His course on Multidatabase Systems was broadcast on Stanford
Educational TV Network (SITN). He was visiting scientist at prominent
US research centers, including IBM Almaden Research Center, in 1997
and 1998 and part time at Hewlett Packard Palo Alto Laboratories,
between 1990 and 1994, as well as U. of Maryland in 1989. Between
1980 and 1989 Dr. Litwin was Research Director at Institut National de
Recherche en Informatique et Automatique (INRIA, France), and Expert
for ISO Committee on Open Systems. Dr. Litwin wrote hundred fifty
research papers, edited or contributed to eleven books, and was
Program Committee member of fifty international database conferences.
He is ACM Fellow, and member of IEEE. The publication list of
Dr. Litwin is at http://ceria.dauphine.fr/witold.html.
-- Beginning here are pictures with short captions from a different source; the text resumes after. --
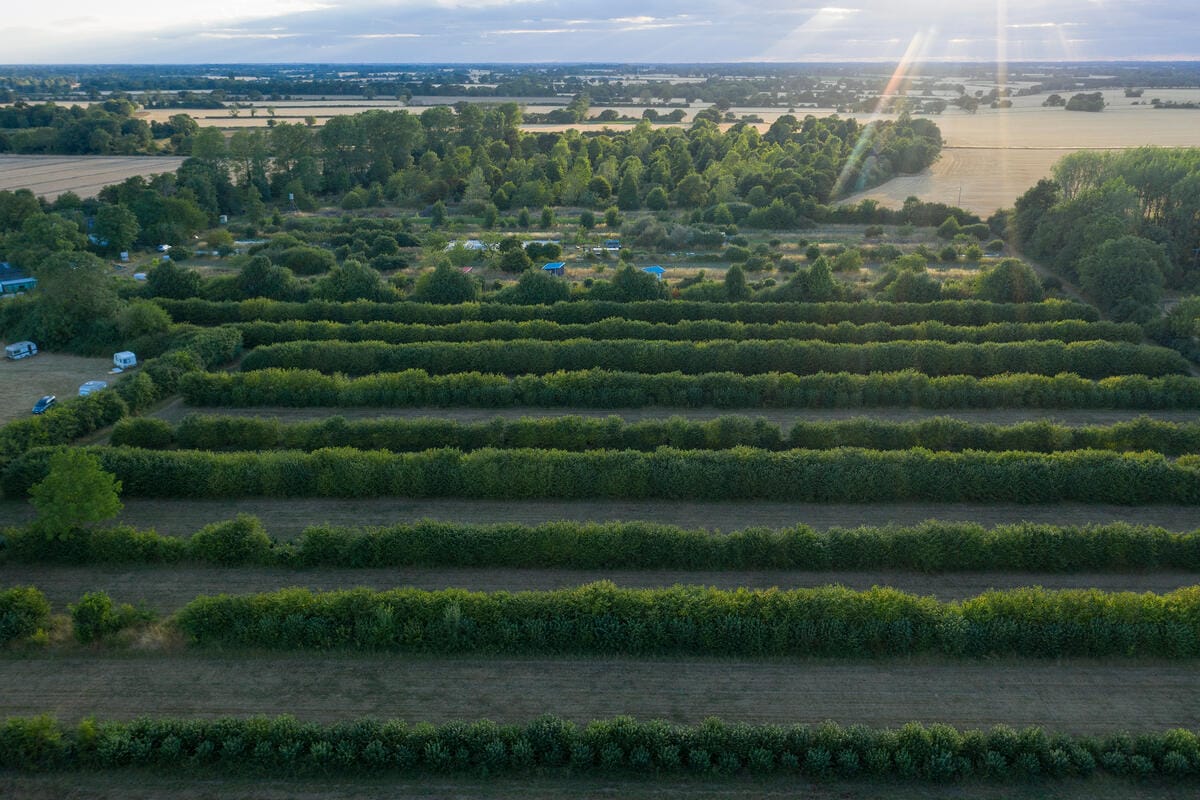 Rows of dense green hedges or bushes arranged in parallel lines across a field, with a few scattered vehicles and small structures visible among the greenery. The background shows more trees, open fields, and a partly cloudy sky with sunlight streaming through.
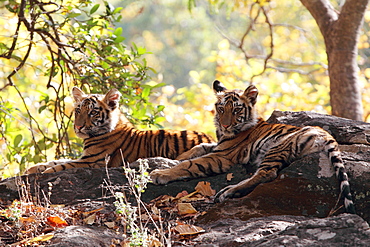 Bengal Tiger (Panthera Tigris Tigris), wild, two 12 month old cubs, critically endangered. Bandhavgarh Tiger Reserve, India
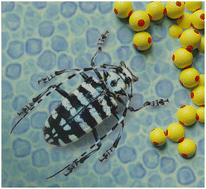 Graphical abstract: Anoplophora graafi longhorn beetle coloration is due to disordered diamond-like packed spheres
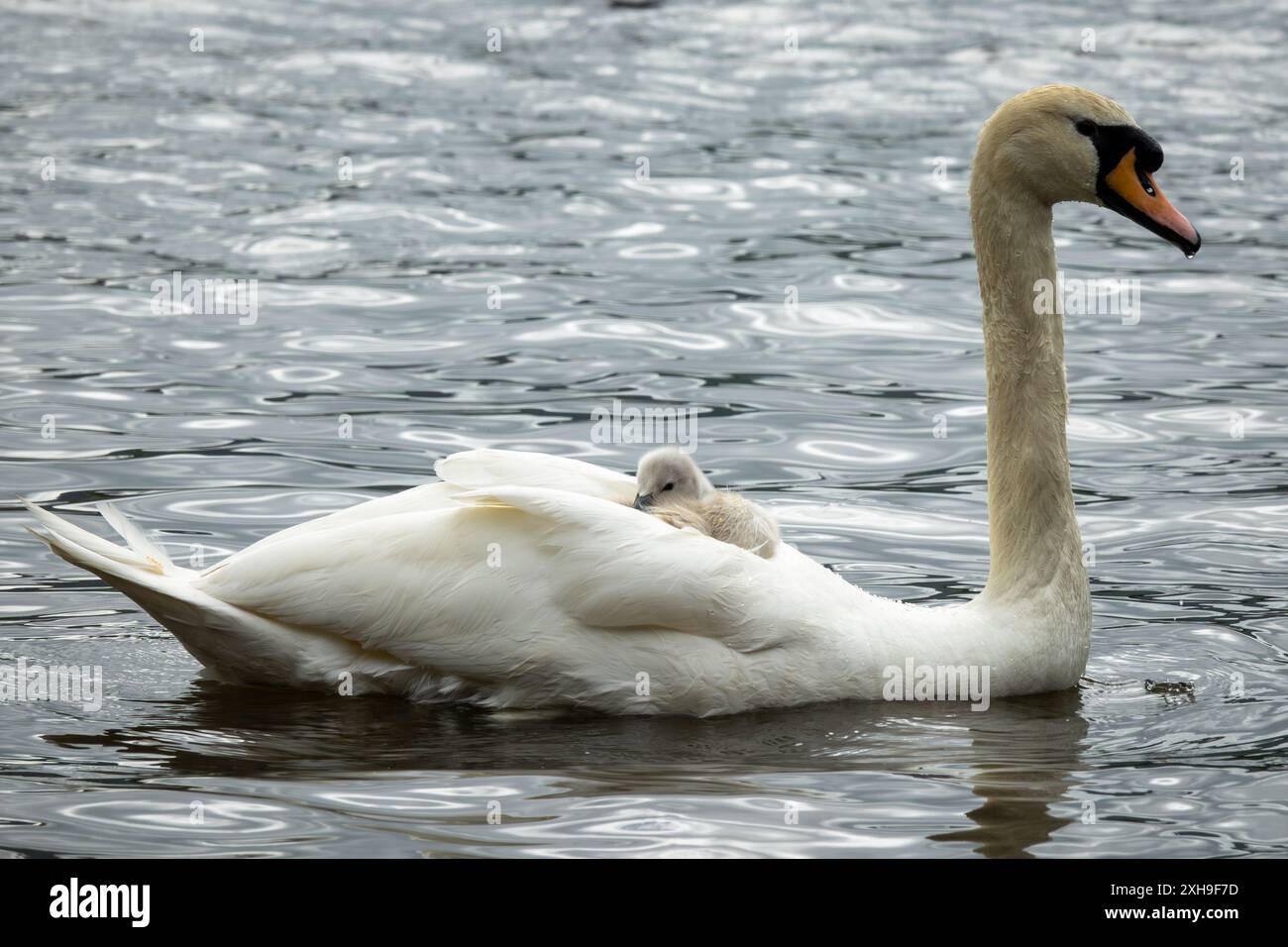 Un cygne blanc avec un long cou élégant nage. Il protège son cygnet, un jeune cygne, sous ses ailes Banque D'Images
Prof. Thomas Schwarz is currently Associate Professor in the
Department of Computer Engineering, Santa Clara University, Santa
Clara, CA. He has Ph.D. in Computer Science Engineering from UC San
Diego, 1994 and is Dr.rer. nat. in Non-associative Algebra of
FernUniversität Hagen, 1984. His research addresses, among others
goals, the signature calculus and the erasure correcting codes, for
the high-availability scalable distributed data structures
especially. Prof. Schwarz (co)authored numerous publications in these
areas.